April 9, 2006 – St. Croix Rescue welcomed 11 volunteers to its fold on Sunday following a graduation ceremony that was bittersweet for the men and women who spent six months together undergoing rigorous training for emergency response situations.
What would otherwise have been a happy occasion was dampened by the fact that the 12th member of the first graduating class of 2005 was missing. In a domestic violence incident Feb. 7, rescue trainee Shirley Ann Phillip was shot to death, just six days before her 29th birthday.
During the ceremony, St. Croix Rescue Chief Gregory N. Richards presented Phillip's mother, Gertrude, with her certificate and a plaque with a silver badge, No. 99, nestled against a burgundy velvet background.
Richards said that the badge number has been retired in perpetuity and will never be used again.
The 11 graduates dabbed at tears, as did some in the audience, during remarks made by their deceased classmate's mother.
"It's a pity she could not be here today, but I know if my daughter was here she would be smiling," Gertrude Phillip said after accepting the certificate and plaque.
Shirley Ann Phillip "may not be here in body, but here in spirit," she said.
Richards told the audience that included family members, well-wishers and dignitaries — including Delegate Donna Christensen, St. Croix Administrator Gregory Francis and Territorial Police Chief Novelle Francis Jr. — that the class began with 23 recruits. It was initially whittled down to 18 and then 12. Richards said that the 11 present persevered and completed the often rigorous routines, such as rappelling down cliffs.
"These graduates are highly motivated and ready to serve," he said, noting that that recruits often leave because rescue work can be consuming.

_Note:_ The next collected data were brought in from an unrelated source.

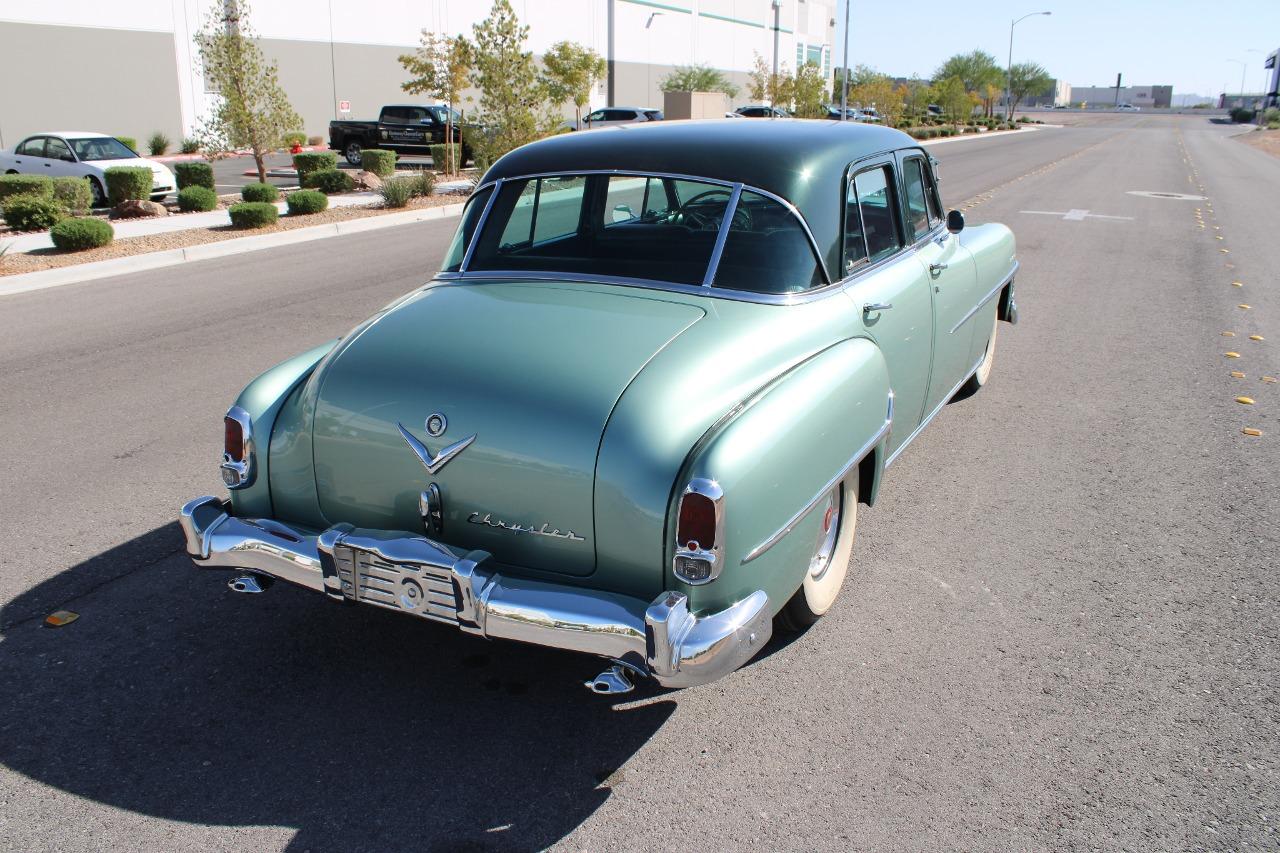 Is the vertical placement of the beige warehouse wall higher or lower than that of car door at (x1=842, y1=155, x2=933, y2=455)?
higher

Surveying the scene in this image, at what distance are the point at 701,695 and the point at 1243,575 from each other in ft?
8.23

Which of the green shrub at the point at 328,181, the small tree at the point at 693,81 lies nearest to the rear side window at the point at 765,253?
the green shrub at the point at 328,181

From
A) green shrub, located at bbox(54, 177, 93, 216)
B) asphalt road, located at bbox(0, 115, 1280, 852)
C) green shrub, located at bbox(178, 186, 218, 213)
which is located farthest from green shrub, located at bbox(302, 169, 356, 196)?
asphalt road, located at bbox(0, 115, 1280, 852)

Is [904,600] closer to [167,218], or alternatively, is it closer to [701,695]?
[701,695]

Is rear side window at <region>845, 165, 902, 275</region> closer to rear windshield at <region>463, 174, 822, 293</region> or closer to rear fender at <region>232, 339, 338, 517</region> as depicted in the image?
rear windshield at <region>463, 174, 822, 293</region>

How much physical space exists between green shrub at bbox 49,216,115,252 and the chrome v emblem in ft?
39.1

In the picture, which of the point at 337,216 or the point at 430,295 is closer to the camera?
the point at 430,295

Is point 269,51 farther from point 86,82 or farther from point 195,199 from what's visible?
point 195,199

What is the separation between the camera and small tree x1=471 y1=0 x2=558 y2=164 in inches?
830

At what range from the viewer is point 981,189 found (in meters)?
22.3

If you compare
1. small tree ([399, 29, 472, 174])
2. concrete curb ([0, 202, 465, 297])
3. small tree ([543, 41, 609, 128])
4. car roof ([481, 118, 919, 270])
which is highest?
small tree ([543, 41, 609, 128])

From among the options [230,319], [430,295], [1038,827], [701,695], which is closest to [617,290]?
[430,295]

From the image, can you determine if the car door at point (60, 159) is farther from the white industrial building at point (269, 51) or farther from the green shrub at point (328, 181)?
the white industrial building at point (269, 51)

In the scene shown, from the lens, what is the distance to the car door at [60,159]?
1825 centimetres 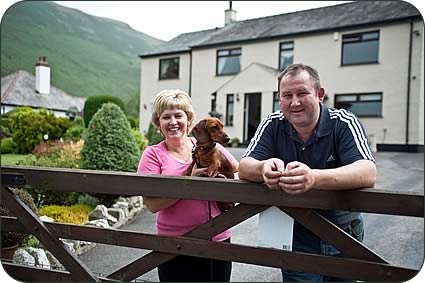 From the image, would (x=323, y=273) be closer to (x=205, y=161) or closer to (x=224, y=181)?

He challenged the graduates to "make that five-year anniversary of community service. As volunteers, you are expected to leave your warm and fuzzy bed and your home at three in the morning to take care of the citizens of our community."
Christensen, Administrator Francis and Police Chief Francis welcomed the graduates into a unit that they all agreed was exemplary nationwide and internationally.
Just last week for example, Fire Service Chief Ovaldo Graham, Richards and other Rescue staff traveled to Jamaica as part of a federally coordinated training program for the Caribbean region.
In addition to providing training, St. Croix Rescue officials served as evaluators for the training.
Chief Francis was 14 when he was given special permission, along with Richards, his classmate, to join St. Croix Rescue. Serving the community is rewarding and something he learned early on with what was then the Civil Air Patrol.
"I certainly give all the credit to St. Croix Rescue for where I stand today, as territorial chief of police and police officer."
Graham, who was keynote speaker on Sunday, praised St. Croix Rescue for raising the level of response in the community "because they know that the capability of our local emergency medical service could not sustain adequate coverage in a mass-casualty situation."
He said that he and Richards are working to merge Rescue with the Fire Service, as is the case in other jurisdictions nationwide.
"Chief Richards and I are determined to make it happen this year by providing cross-training to our members," Graham said during remarks. "The Fire Service has made space available in our fire stations so that ambulance service can be provided from Frederiksted and Cotton Valley to the Juan F. Luis Hospital."
Currently the sole ambulance station is at the hospital.
Graham told graduates that there is no greater service than coming to the aid of someone who may be in distress.
"Search and rescue is one of the world's most honored occupations," he said. "By becoming members of St. Croix Rescue, you have joined an organization that is rich in heritage, dedication and unselfish sacrifice. It is truly rewarding to know that there are people willing and capable of providing emergency medical assistance and extrication to our community."
Graham said that the rigorous training will be called into action many times because whenever there is a disaster St. Croix Rescue is usually one of the first organizations called to assist, and he urged family members to be supportive.
"This job is not comfortable or easy, but one that requires a high level of personal commitment, skills, knowledge and a genuine desire to help people. It also exposes you to a high level of personal danger," he said.
Class president Lawrence Londer said that the class was a mixture of varied ethnic backgrounds, likes and dislikes, but the one thing all had in common was a belief in the preservation of life.
The six-month training, he said, was "very demanding and took a lot of sacrifice – not only from us but those who trained us, we're very appreciative of that," adding that all were committed to the volunteer efforts of St. Croix Rescue.
He urged families present to support the volunteers.
The graduates are: Kimberly Aponte, Delita Burroughs, Kareem Christopher, Michael Fedee, Judith Lewis-Figueroa, Vaughn George, Lawrence Londer, Chermaine O'Reilly, Jacqueline Phillip, Shirley Ann Phillip (deceased), Gaynell Richardson and Lilan Roa.